[Start of section]

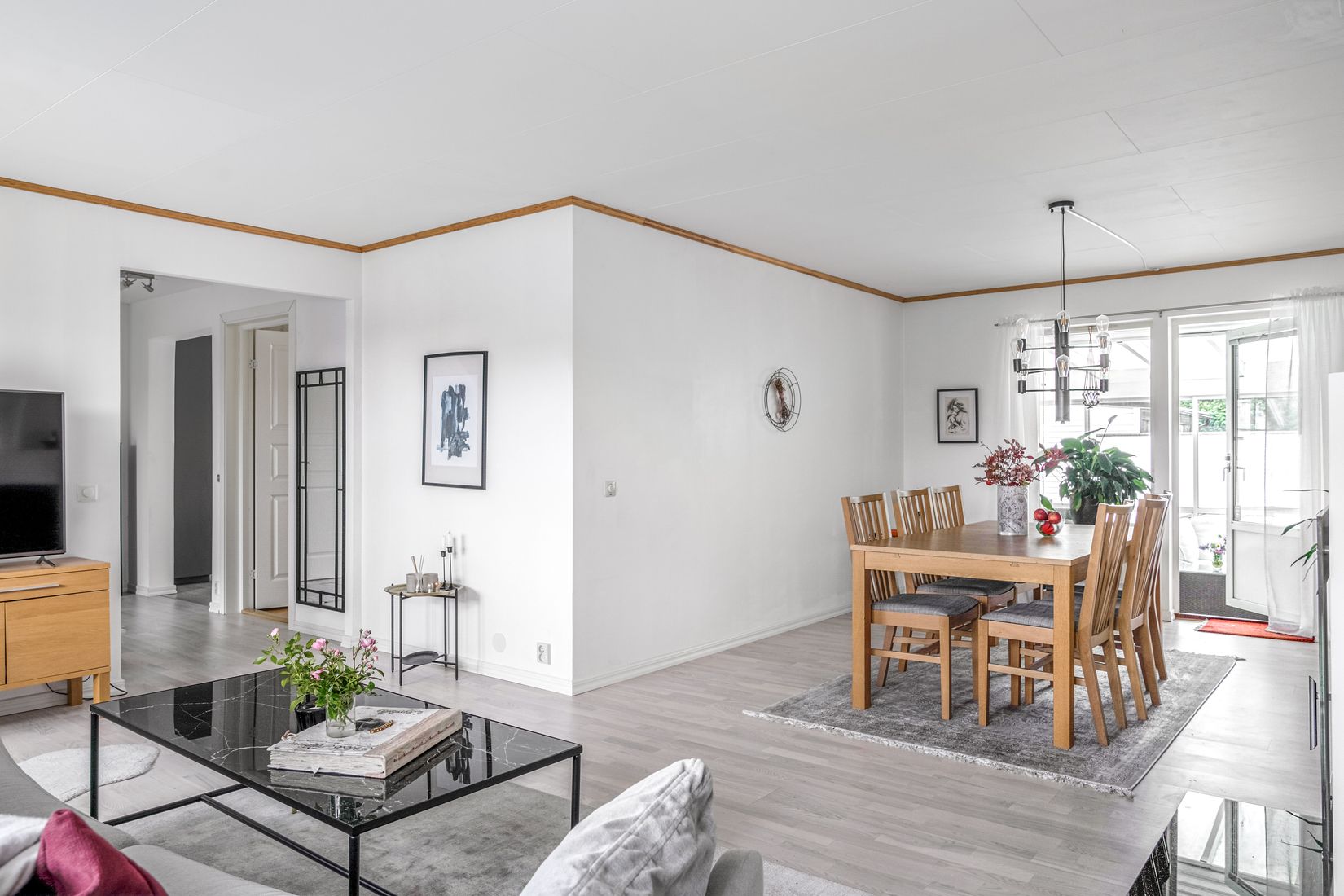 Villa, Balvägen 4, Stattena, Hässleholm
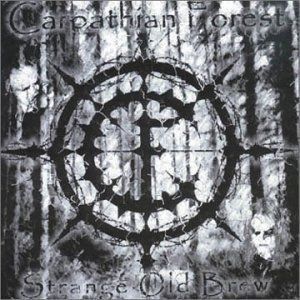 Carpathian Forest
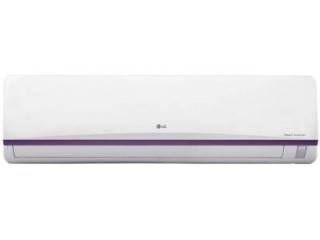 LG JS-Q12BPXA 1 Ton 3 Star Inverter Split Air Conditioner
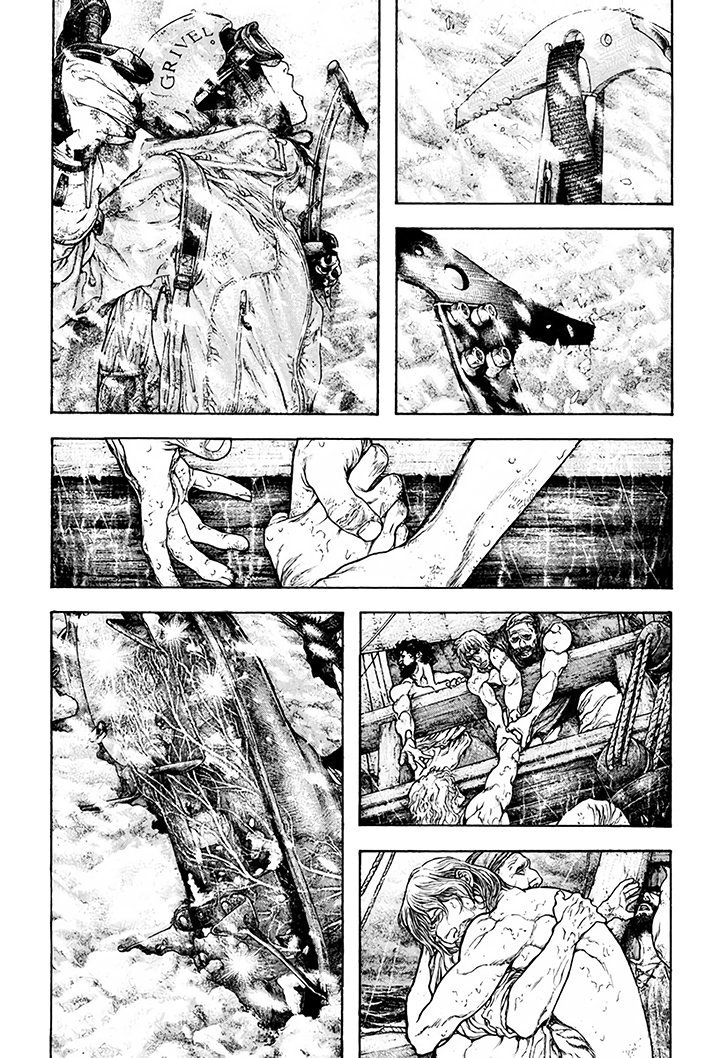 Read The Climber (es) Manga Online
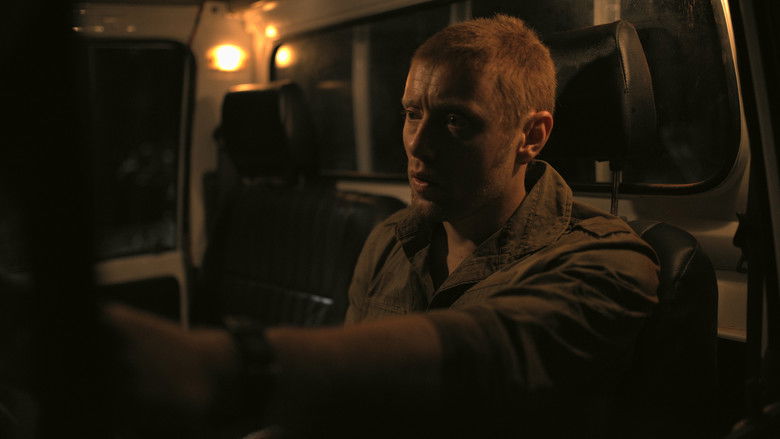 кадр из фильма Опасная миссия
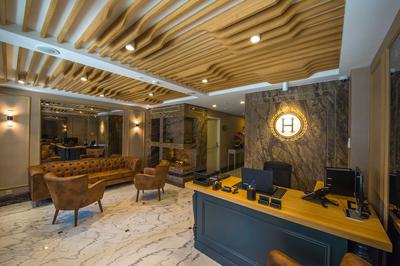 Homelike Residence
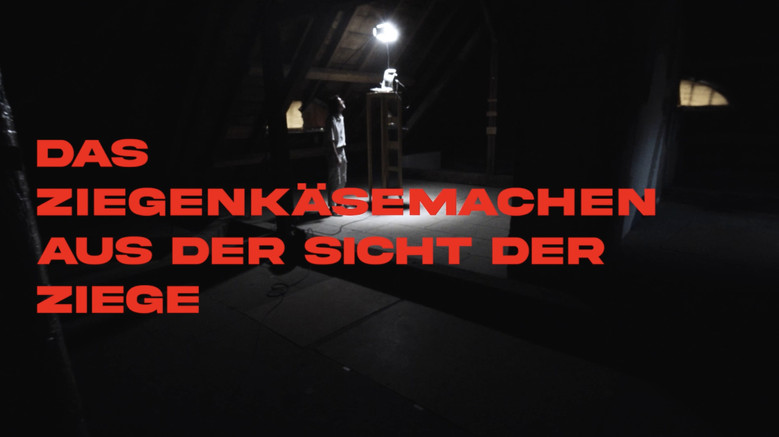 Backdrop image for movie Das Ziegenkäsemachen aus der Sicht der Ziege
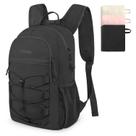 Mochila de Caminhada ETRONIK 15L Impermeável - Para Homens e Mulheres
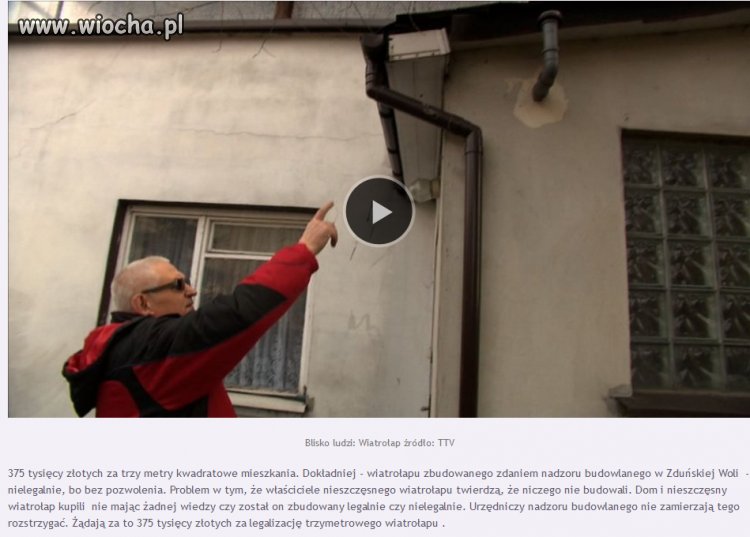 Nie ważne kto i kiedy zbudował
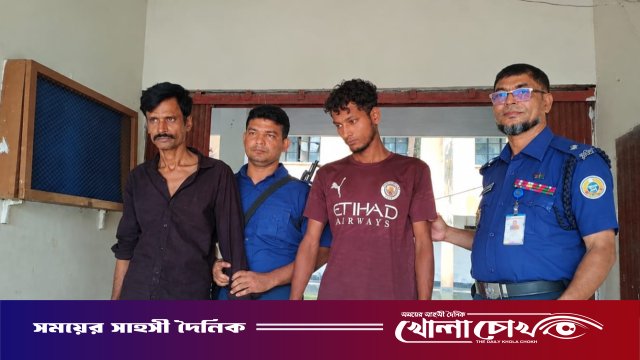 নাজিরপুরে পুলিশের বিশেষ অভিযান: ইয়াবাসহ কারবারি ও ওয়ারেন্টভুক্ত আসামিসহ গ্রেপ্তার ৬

[End of section]

# [TASK GOAL]
Every entry above should come back exactly as written, except for its pictures.

# [ANSWER BOX]
 Villa, Balvägen 4, Stattena, Hässleholm
 Carpathian Forest
 LG JS-Q12BPXA 1 Ton 3 Star Inverter Split Air Conditioner
 Read The Climber (es) Manga Online
 кадр из фильма Опасная миссия
 Homelike Residence
 Backdrop image for movie Das Ziegenkäsemachen aus der Sicht der Ziege
 Mochila de Caminhada ETRONIK 15L Impermeável - Para Homens e Mulheres
 Nie ważne kto i kiedy zbudował
 নাজিরপুরে পুলিশের বিশেষ অভিযান: ইয়াবাসহ কারবারি ও ওয়ারেন্টভুক্ত আসামিসহ গ্রেপ্তার ৬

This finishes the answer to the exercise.